Simplicity is not just going to happen. It must be one of the things which matters most for you to be willing to make the changes in your life. I am going to suggest a couple of things which maybe of help. I have been in this process for some months now and working on my own system to help with this. Here is what I have found to be helpful.
1. Get A Calendar Planner. Yep, it is that easy to get started. The hard part is committing to use it and do so correctly. You must have it with you at ALL times (commit to it for 21 days to make it a habit). I recommend paper and so do numerous other time management experts. It is faster to take notes and prioritize with paper.
2. Learn to Use It. I originally did this through Franklin Quest which has now become Franklin Covey (www.franklincovey.com). They have a number of seminars to attend or you can use one of their online webinars.
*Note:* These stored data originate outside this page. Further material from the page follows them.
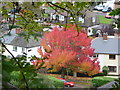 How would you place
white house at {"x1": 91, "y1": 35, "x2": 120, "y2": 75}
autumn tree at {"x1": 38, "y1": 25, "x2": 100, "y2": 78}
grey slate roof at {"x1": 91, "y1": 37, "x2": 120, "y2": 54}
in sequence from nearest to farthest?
autumn tree at {"x1": 38, "y1": 25, "x2": 100, "y2": 78} < white house at {"x1": 91, "y1": 35, "x2": 120, "y2": 75} < grey slate roof at {"x1": 91, "y1": 37, "x2": 120, "y2": 54}

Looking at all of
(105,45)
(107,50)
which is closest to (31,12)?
(107,50)

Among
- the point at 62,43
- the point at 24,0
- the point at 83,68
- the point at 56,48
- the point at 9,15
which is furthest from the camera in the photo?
the point at 83,68

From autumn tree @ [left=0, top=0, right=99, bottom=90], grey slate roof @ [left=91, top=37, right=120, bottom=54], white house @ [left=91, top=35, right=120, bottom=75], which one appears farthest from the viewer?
grey slate roof @ [left=91, top=37, right=120, bottom=54]

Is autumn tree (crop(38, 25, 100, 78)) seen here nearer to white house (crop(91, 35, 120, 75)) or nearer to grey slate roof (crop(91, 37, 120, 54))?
white house (crop(91, 35, 120, 75))

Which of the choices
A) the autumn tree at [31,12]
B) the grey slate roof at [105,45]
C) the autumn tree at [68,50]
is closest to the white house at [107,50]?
the grey slate roof at [105,45]

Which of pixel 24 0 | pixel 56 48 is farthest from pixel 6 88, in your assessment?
pixel 56 48

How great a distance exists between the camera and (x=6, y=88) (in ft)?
0.89

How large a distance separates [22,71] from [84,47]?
9.46 feet

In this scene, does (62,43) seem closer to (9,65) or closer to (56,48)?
(56,48)

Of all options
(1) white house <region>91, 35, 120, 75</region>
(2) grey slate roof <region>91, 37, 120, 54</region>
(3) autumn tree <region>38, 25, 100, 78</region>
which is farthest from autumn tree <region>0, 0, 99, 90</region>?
(2) grey slate roof <region>91, 37, 120, 54</region>

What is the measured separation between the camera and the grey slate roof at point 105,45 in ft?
11.8

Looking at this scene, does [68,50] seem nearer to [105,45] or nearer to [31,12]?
[105,45]

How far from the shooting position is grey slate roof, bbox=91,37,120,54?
142 inches

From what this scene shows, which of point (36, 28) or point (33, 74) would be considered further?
point (36, 28) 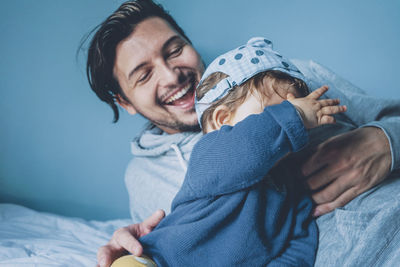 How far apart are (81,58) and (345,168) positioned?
1288 mm

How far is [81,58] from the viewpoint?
142cm

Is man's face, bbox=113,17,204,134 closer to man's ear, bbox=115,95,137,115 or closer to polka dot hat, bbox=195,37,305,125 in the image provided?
man's ear, bbox=115,95,137,115

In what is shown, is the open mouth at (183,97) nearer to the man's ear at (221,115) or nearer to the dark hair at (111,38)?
the dark hair at (111,38)

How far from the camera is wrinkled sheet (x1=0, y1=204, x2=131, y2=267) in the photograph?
95 cm

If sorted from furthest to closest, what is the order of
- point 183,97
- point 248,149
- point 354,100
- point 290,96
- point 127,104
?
point 127,104, point 183,97, point 354,100, point 290,96, point 248,149

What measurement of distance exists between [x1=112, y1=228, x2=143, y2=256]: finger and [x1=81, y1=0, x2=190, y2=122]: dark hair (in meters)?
0.67

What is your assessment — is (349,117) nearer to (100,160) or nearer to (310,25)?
(310,25)

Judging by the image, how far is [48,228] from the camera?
1288 mm

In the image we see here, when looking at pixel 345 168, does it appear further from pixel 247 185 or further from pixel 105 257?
pixel 105 257

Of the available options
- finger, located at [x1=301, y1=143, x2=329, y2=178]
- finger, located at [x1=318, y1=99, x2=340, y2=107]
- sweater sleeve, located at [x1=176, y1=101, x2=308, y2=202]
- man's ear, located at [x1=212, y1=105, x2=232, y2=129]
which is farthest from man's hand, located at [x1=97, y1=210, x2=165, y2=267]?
finger, located at [x1=318, y1=99, x2=340, y2=107]

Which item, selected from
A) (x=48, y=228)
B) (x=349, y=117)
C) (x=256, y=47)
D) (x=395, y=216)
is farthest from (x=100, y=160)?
(x=395, y=216)

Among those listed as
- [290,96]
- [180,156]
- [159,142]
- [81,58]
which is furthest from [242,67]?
[81,58]

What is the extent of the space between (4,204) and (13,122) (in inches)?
16.7

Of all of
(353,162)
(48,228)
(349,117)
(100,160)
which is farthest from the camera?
(100,160) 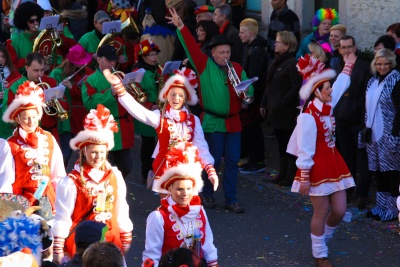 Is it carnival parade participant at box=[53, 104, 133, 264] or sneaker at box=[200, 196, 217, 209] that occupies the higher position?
carnival parade participant at box=[53, 104, 133, 264]

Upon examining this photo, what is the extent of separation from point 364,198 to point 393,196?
1.65 ft

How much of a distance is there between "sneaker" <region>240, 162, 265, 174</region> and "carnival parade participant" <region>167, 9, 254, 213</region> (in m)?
1.61

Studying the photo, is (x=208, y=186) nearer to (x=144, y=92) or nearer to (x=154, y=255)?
(x=144, y=92)

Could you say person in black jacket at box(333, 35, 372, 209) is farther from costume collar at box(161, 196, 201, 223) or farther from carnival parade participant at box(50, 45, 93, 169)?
costume collar at box(161, 196, 201, 223)

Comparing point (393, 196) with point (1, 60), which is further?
point (1, 60)

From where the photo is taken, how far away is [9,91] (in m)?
11.0

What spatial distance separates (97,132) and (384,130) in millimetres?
3642

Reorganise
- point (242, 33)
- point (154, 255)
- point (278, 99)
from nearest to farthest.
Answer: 1. point (154, 255)
2. point (278, 99)
3. point (242, 33)

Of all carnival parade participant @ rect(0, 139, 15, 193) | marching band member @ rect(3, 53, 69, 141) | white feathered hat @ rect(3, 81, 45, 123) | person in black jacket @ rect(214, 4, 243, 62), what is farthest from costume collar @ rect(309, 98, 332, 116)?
person in black jacket @ rect(214, 4, 243, 62)

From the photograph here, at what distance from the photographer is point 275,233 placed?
1027 centimetres

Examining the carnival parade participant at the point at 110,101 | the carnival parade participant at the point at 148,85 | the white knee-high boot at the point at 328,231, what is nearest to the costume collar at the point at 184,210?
the white knee-high boot at the point at 328,231

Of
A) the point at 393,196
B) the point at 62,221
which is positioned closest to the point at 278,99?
the point at 393,196

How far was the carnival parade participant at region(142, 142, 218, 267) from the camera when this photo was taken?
707 cm

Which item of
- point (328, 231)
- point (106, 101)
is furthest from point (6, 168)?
point (328, 231) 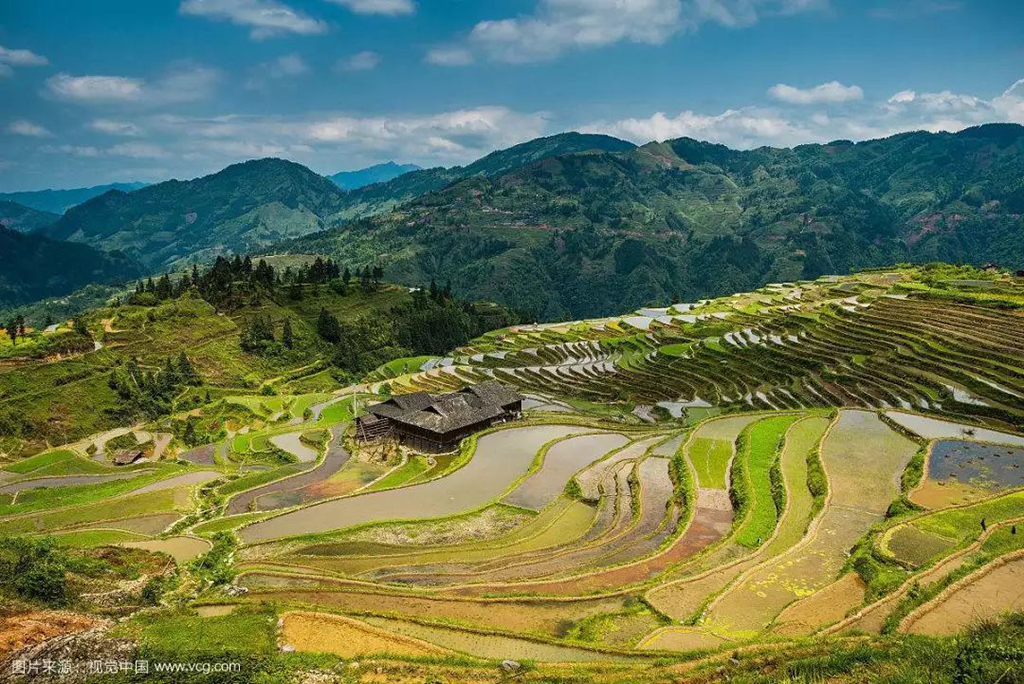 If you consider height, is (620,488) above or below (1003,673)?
below

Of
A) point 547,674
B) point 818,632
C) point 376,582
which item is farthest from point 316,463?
point 818,632

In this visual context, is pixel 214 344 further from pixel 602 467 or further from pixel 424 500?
pixel 602 467

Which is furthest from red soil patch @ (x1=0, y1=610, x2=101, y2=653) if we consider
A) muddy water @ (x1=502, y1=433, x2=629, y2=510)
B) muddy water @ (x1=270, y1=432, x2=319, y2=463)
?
muddy water @ (x1=270, y1=432, x2=319, y2=463)

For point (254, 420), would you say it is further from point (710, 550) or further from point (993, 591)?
point (993, 591)

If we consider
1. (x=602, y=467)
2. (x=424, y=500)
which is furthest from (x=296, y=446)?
(x=602, y=467)

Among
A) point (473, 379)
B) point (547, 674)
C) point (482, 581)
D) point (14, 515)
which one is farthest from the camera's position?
point (473, 379)

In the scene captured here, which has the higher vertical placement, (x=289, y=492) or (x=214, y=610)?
(x=214, y=610)

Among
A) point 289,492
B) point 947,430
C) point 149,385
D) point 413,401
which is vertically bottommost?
point 947,430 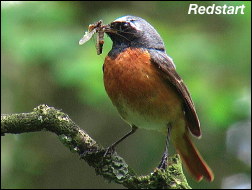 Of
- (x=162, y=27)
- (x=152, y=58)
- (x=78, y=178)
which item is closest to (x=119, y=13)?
(x=162, y=27)

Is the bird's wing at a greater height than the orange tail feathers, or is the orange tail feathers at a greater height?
the bird's wing

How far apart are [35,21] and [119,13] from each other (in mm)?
978

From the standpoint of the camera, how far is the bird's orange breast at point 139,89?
4332mm

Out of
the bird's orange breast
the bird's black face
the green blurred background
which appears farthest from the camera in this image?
the green blurred background

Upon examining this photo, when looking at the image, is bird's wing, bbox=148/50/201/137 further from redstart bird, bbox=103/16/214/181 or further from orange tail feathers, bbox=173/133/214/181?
orange tail feathers, bbox=173/133/214/181

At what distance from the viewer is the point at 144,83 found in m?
4.35

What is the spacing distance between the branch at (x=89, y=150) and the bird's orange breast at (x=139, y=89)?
100 cm

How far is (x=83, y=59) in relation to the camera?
254 inches

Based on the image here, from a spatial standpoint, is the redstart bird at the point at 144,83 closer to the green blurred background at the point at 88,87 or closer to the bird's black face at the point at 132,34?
the bird's black face at the point at 132,34

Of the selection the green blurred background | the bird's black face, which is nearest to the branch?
the bird's black face

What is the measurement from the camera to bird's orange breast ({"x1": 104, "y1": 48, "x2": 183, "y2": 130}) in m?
4.33

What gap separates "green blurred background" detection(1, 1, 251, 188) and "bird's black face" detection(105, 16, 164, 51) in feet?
5.44

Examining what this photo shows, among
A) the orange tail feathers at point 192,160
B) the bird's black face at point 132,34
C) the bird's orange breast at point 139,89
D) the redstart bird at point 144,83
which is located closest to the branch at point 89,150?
the redstart bird at point 144,83

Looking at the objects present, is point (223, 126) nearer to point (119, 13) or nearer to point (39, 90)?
point (119, 13)
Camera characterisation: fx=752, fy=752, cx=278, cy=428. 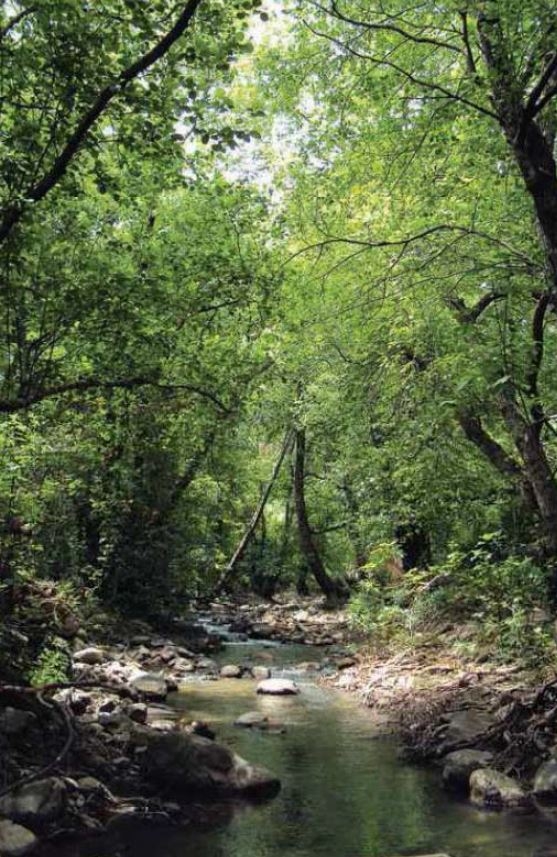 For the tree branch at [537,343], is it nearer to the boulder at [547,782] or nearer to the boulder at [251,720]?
the boulder at [547,782]

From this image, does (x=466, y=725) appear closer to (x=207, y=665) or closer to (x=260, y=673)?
(x=260, y=673)

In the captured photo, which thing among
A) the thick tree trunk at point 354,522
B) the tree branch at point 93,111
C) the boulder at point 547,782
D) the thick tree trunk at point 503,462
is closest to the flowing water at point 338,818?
the boulder at point 547,782

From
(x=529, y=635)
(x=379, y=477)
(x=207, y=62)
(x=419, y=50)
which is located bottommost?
(x=529, y=635)

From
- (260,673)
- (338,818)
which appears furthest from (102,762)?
(260,673)

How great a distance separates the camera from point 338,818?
6730mm

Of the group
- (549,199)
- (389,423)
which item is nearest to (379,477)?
(389,423)

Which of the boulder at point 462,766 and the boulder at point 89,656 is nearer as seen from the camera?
the boulder at point 462,766

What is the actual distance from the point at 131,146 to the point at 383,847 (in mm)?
5827

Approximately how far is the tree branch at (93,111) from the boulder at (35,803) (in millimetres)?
4382

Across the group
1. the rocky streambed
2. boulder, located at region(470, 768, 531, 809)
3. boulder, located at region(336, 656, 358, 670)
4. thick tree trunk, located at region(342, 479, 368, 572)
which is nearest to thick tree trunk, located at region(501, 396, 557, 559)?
the rocky streambed

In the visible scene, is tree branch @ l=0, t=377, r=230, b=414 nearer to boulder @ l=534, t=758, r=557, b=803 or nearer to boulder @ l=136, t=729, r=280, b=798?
boulder @ l=136, t=729, r=280, b=798

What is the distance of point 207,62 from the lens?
5.59 m

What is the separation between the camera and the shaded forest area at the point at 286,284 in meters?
5.61

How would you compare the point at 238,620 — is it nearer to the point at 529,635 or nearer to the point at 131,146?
the point at 529,635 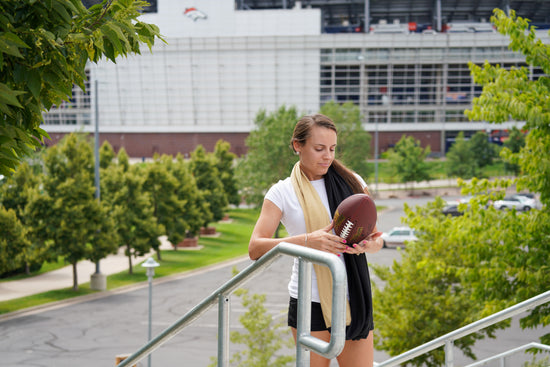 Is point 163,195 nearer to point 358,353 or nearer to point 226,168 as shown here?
point 226,168

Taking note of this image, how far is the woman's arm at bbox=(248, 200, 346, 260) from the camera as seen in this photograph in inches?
114

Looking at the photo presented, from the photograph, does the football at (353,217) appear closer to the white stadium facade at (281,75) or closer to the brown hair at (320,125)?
the brown hair at (320,125)

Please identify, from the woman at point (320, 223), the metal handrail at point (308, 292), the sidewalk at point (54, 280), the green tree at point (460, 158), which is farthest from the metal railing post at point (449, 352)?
the green tree at point (460, 158)

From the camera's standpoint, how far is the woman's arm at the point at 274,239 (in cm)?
290

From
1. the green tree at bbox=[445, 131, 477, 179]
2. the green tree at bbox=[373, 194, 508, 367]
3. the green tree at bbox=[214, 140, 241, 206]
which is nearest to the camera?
the green tree at bbox=[373, 194, 508, 367]

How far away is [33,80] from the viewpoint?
315cm

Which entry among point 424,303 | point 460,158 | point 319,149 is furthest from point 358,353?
point 460,158

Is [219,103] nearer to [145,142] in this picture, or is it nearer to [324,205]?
[145,142]

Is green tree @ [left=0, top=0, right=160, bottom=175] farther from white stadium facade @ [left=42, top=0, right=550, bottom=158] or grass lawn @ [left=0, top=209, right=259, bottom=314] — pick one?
white stadium facade @ [left=42, top=0, right=550, bottom=158]

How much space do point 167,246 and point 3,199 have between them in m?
13.5

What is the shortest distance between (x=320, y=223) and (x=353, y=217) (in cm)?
32

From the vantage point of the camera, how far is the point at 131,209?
1273 inches

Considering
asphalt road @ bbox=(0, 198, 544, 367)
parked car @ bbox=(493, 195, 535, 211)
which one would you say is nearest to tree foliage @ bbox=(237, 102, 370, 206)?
asphalt road @ bbox=(0, 198, 544, 367)

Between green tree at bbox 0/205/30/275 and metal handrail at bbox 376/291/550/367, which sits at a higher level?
metal handrail at bbox 376/291/550/367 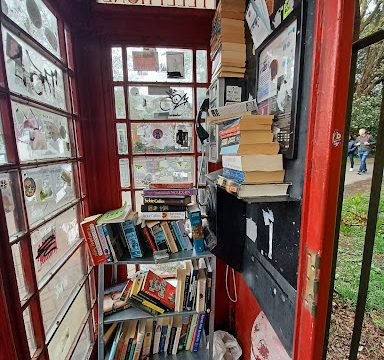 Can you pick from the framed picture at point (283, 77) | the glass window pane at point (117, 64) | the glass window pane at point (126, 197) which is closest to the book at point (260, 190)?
the framed picture at point (283, 77)

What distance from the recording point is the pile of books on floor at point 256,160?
0.74m

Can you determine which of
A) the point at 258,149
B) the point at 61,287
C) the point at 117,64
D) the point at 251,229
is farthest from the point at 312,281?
the point at 117,64

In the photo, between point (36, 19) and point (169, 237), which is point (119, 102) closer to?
point (36, 19)

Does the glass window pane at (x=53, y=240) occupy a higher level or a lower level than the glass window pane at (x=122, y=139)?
lower

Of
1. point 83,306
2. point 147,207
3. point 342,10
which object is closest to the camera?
point 342,10

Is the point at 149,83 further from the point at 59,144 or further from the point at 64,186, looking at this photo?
the point at 64,186

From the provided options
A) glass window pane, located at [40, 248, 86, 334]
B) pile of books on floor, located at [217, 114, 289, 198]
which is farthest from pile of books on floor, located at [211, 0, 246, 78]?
glass window pane, located at [40, 248, 86, 334]

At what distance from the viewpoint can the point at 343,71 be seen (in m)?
0.47

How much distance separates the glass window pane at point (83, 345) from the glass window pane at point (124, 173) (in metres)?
0.86

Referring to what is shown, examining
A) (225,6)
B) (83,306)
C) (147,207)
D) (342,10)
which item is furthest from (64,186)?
(342,10)

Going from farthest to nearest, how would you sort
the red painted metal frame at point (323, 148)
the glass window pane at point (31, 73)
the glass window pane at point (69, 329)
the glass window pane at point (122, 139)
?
the glass window pane at point (122, 139) < the glass window pane at point (69, 329) < the glass window pane at point (31, 73) < the red painted metal frame at point (323, 148)

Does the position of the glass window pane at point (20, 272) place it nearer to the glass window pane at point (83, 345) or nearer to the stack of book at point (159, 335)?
the glass window pane at point (83, 345)

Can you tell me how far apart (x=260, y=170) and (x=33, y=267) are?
896 mm

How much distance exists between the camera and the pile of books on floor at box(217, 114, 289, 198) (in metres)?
0.74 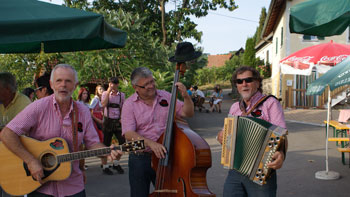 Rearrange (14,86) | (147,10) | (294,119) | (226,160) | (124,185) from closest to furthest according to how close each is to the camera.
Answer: (226,160)
(14,86)
(124,185)
(294,119)
(147,10)

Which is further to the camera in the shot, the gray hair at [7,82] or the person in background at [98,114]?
the person in background at [98,114]

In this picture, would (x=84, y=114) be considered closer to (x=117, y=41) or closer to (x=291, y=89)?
(x=117, y=41)

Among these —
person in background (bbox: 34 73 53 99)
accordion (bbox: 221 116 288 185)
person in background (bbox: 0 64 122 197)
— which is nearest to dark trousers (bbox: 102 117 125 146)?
person in background (bbox: 34 73 53 99)

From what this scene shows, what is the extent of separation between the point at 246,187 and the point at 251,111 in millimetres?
693

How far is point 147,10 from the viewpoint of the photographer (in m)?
21.1

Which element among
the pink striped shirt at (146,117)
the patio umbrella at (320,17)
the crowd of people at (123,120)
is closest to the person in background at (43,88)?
the crowd of people at (123,120)

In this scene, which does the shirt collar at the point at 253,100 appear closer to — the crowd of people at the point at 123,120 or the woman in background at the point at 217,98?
the crowd of people at the point at 123,120

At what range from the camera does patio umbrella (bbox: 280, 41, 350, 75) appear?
27.8 feet

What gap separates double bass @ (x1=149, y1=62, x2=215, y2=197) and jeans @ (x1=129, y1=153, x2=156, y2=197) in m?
0.20

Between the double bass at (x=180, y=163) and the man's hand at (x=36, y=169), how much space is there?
111 centimetres

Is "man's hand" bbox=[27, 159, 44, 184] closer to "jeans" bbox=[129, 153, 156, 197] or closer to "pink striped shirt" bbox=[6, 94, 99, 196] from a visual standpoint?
"pink striped shirt" bbox=[6, 94, 99, 196]

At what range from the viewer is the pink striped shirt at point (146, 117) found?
3.69m

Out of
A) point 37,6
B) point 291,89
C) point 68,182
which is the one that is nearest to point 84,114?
point 68,182

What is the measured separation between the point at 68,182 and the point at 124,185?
3631 millimetres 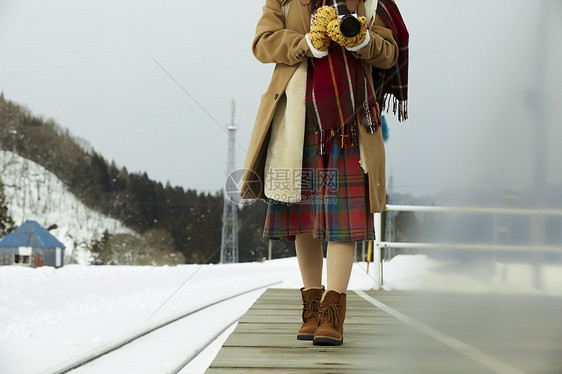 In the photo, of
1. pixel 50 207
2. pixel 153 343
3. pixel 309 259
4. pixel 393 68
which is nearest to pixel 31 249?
pixel 50 207

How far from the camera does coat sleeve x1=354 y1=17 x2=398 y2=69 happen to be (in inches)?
36.1

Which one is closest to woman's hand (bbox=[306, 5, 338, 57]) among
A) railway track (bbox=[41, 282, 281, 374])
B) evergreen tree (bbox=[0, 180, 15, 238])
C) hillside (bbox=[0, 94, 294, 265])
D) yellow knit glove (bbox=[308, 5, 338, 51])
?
yellow knit glove (bbox=[308, 5, 338, 51])

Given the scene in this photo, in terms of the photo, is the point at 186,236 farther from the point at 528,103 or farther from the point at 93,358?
the point at 528,103

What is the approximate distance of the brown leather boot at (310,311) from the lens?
1027mm

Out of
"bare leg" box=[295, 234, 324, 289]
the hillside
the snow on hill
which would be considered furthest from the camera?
the snow on hill

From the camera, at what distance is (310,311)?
1.06 metres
I may come back and expand on this but the key is to have single place to go to for everything you need.
3. Core Values and Goals. Again, Franklin Covey can help you sort this out online at their website. I am not a spokesperson for Covey, I promise. I am actually using a Daytimer Planner (www.daytimer.com) that I am customizing. The point is, you need to spend some time considering what DOES matter to you personally. If simplicity isn’t in this list somewhere, then that speaks wisdom to your soul.
4. Rule of Life. St. Benedict, Ignatius of Loyola and John Wesley had something in common. Each developed a rule of life, a set of guidelines to help Christians follow Jesus Christ and be shaped in his image. Recently, author Robert Benson outlined how Benedicts rule of life consists of four parts: 1) Prayer, 2) Rest, 3) Community, and 4) Work. Again, I will return to this later but think of the Rule more like the “pirate’s code,” they’re more like guidelines. Be gentle with your soul.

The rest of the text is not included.